Just a little list of some things that are on my mind about conventions and teaching conventions and using (or not using) conventions.

  1. Conventions are important. Learning to use them in Standard English is even more important. Conventions are power. If you write with conventions, you are more likely to influence others.
  2. You should use your best conventions all of the time. Not just on final drafts. Not only on homework assignments. Always. My daughter was writing a rough draft tonight. She misspelled where, other, their, these, women, and should. I asked her about her misspellings. “It doesn’t matter, Mom,” she snapped. You’re a fifth grader, I said with my eyes. I kept my mouth quiet. Sometimes it’s better that way. She wrote, whare. Then she stopped. Erased. W-h-e-a-r. Stopped. Looked. Erased. W-h-e-r-e. “Good job,” I said. “You should always fix things when you notice them.”
  3. Sometimes I break conventional rules. Because I can. You’ll find capitals in the middle of words in my notebook. You’ll find proper nouns starting with lowercase letters on my scrapbook pages. I like the way it adds a little artistic flair to my life. To the people who are closest to me, I’ll email without caps. It’s faster, and I like how it makes me feel like I’m sharing a secret part of myself with them.  I often start sentences with a conjunction. I love using single sentence paragraphs. Sometimes I join words with hyphens for the craft of it.
  4. Showing students sentences filled with errors does not help them write more conventionally. We are visual beings. This means the things we see stick with us. If we see wrong, we remember wrong.
  5. “Learning” that happens during drill and practice grammar exercises does not transfer to independent writing. There is no evidence that rote practice helps students write more conventionally. None.  I’ve been looking for years.
  6. Common core expects students to use conventions “when writing and speaking.” This is very different than finding errors when given a wrong sentence.
  7. As long as we are growing as writers, there will be errors in conventions. I’m constantly learning rules I didn’t know. This happens because of necessity. The more I write, the more I need the specifics of grammar and conventions.
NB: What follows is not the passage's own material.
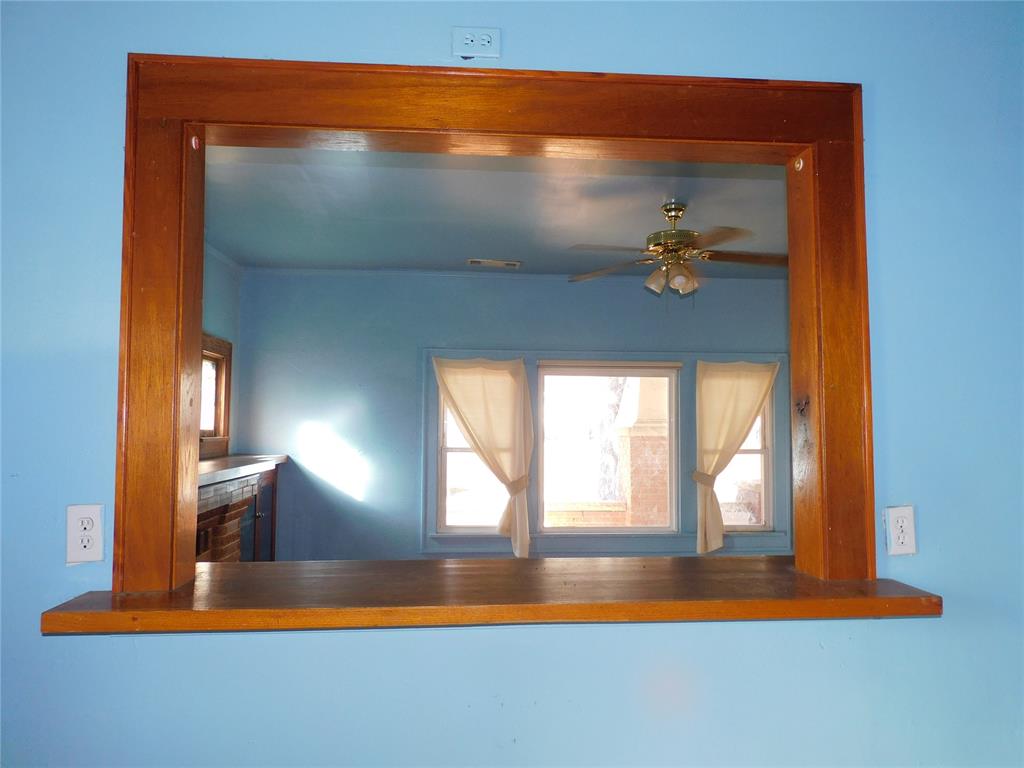 1950 W Park Property Photo 23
As teachers, we must train ourselves to see the misuse of conventions as indicators of what students are ready to learn.
  8. Everyone can learn to write with Standard English. It is possible. I promise.
  9. I strive to never-not-ever allow conventions to usurp the joy of writing. Sharing your story, influencing decisions, and teaching others will always be more important than getting it right.

Just a little side note…I’ve been asked to lead a series of three sessions about teaching conventions. I’m guessing you’ll be hearing more of my thinking as I begin to dream up how to facilitate a conversation about conventions with joy and grace.